El cómico norteamericano Bill Maher se quejaba en los pasados Oscar de la falta de respeto que suponía que la condujesen dos bimbos (James Franco y Anne Hathaway), dejando fuera a numerosísimos cómicos.

Y sus previsiones se hicieron realidad: la ceremonia se convirtió en un tostón insípido (¿recuerdan algún sketch?).

Tras la renuncia de Eddie Murphy, Billy Crystal aportó al show del pasado domingo aquello que hace mejor: la aventura por las películas nominadas (ya repetidísima), unos cuantos números musicales efectivos, algún artefacto hábil (como el "¿qué están pensando los nominados?" y la referencia gervasiana al presidente de la Academia de Hollywood) y, por encima, la tranquilidad de tener al frente a un presentador que controla cada uno de los detalles de la transmisión.
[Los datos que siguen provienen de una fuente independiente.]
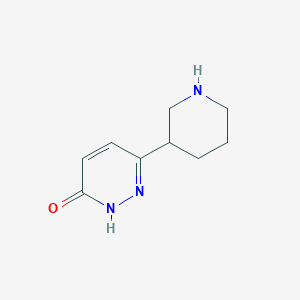 molecular formula C9H13N3O B13306174 6-(Piperidin-3-yl)pyridazin-3-ol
Entre la seguridad monocorde de Crystal existieron pequeños resquicios de creatividad que (casi) pasaron desapercibidos: fue una gran noticia que la troupe del cineasta Christopher Guest se juntase para un afortunadísimo corto sobre los focus groups y su influencia en El mago de Oz. Y también emocionó ver a Douglas Trumbull, el hombre que creó los efectos especiales de, entre otras, Encuentros en la tercera fase, Blade Runner o la reciente El árbol de la vida.
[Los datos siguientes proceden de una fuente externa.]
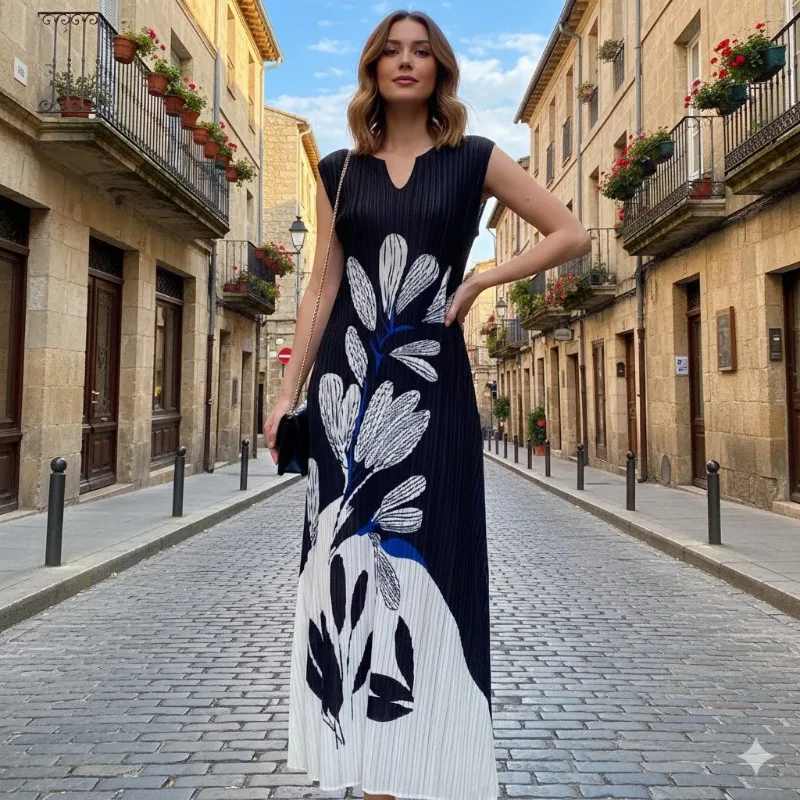 

Плиссированное платье Miyake, новинка 2026 года, с принтом, женское, летнее, тонкое, элегантное, скрывающее возраст, длинное, с эффектом складок, в стиле арт-пейнтинг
Aunque su listado final de ganadores sea muy decepcionante (The artist es una anécdota tramposa), uno entiende esta gala como un paso de la transición hacia un nuevo tipo de espectáculo, un espectáculo transgresor en el que la conservadora Academia todavía no está dispuesta a confiar. En los años setenta, el productor musical Jon Landau lanzó una profecía: "He visto el futuro del rock & roll, y se llama Bruce Springsteen".

Después de su estupendo gag con unos ¡puñeteros platillos!, imagínense el lío que humanos como Will Ferrell o Zach Galifianakis podrían montar en los Oscar. Y ya ni hablamos de Tina Fey, Sacha Baron Cohen, Kristen Wiig o Robert Downey Jr. Ahí, y no en la digna seguridad de Crystal, vemos el futuro. Sabemos, además, cómo se llaman.